DATA Block Start
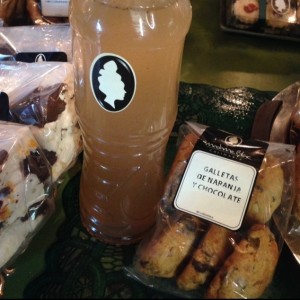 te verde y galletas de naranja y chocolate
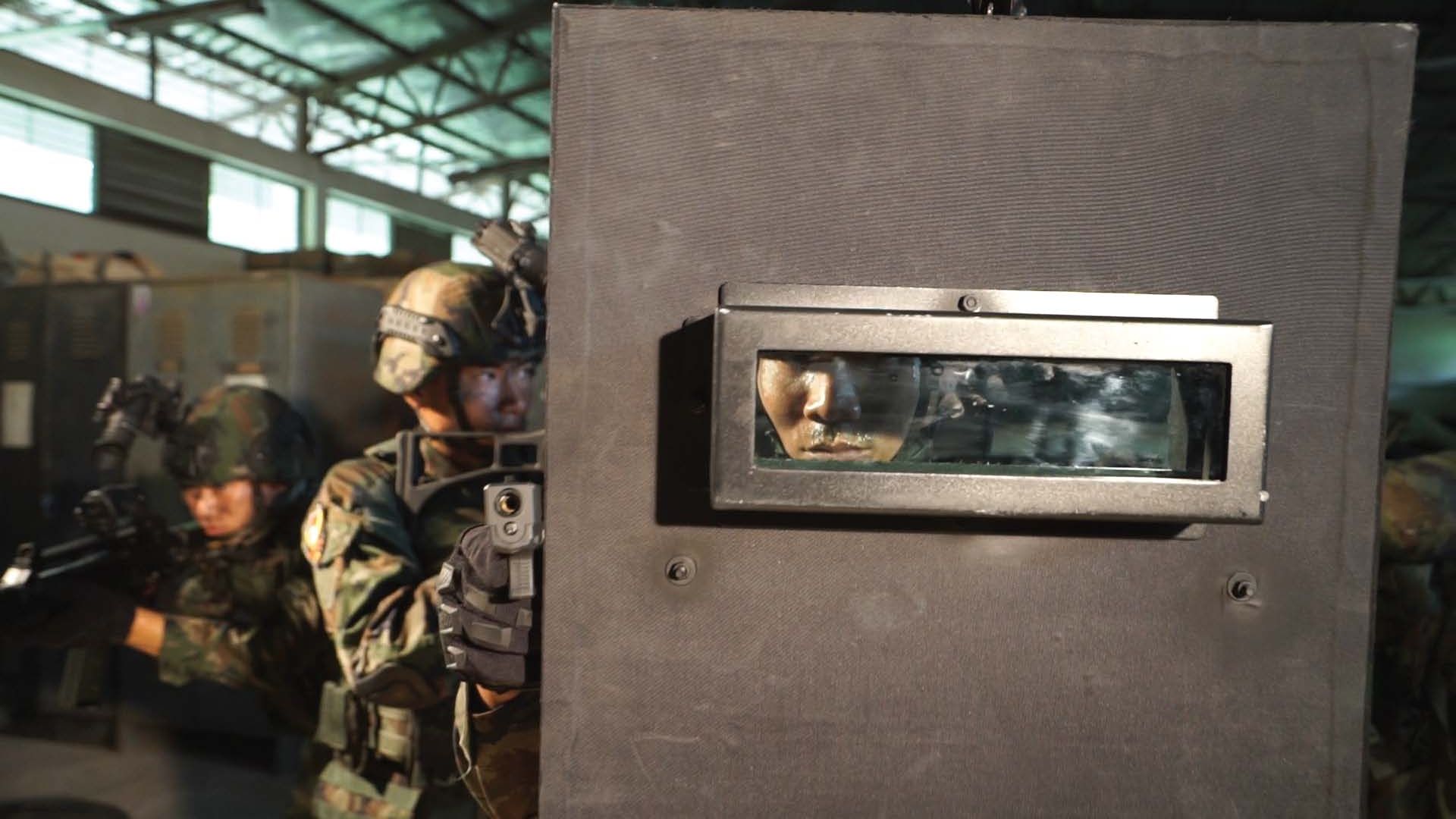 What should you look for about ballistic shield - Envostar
DATA Block End
DATA Block Start
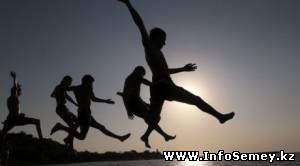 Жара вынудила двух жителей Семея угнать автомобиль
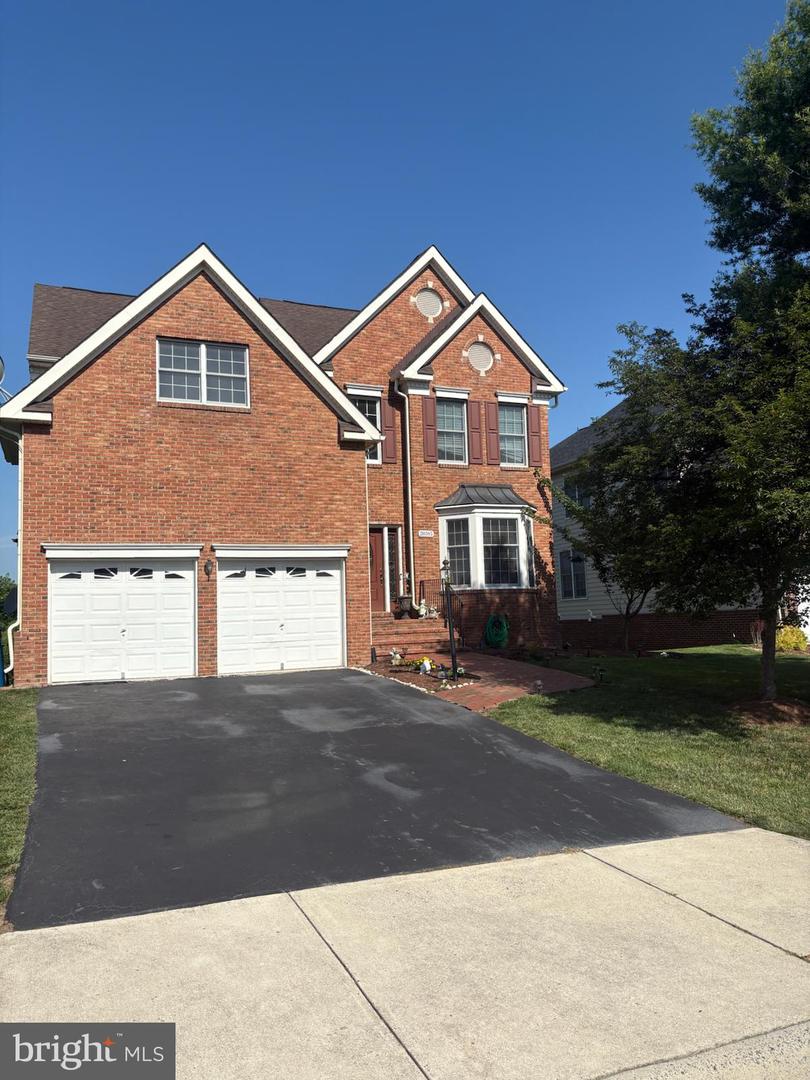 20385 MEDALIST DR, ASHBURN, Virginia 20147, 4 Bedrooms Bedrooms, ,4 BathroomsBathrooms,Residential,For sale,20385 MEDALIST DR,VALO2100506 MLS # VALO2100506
DATA Block End
DATA Block Start
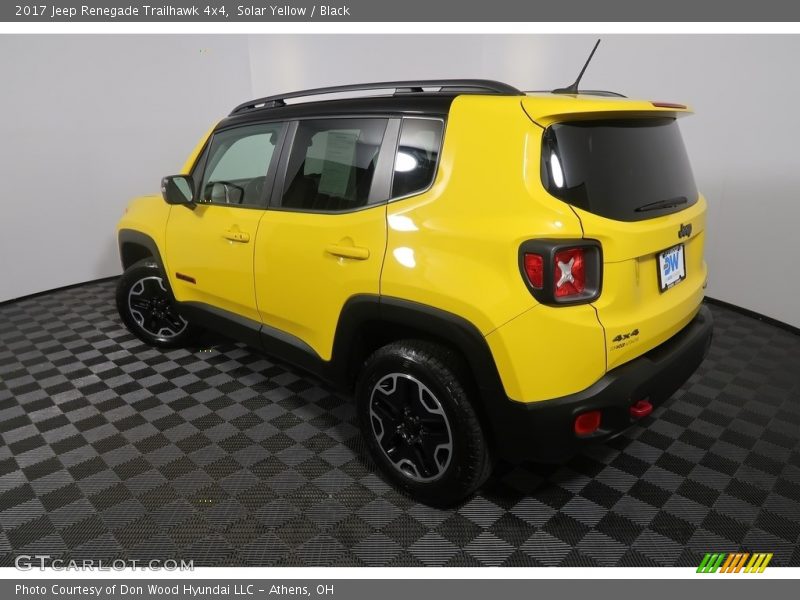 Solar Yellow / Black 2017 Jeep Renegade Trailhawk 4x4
DATA Block End
#### THE PROBLEM:
Look above for the line with "te verde y galletas de naranja y chocolate" and the line with "What should you", then restate exactly those two lines and all lines between them, with no pictures.

#### RESPONSE AREA:
 te verde y galletas de naranja y chocolate
 What should you look for about ballistic shield - Envostar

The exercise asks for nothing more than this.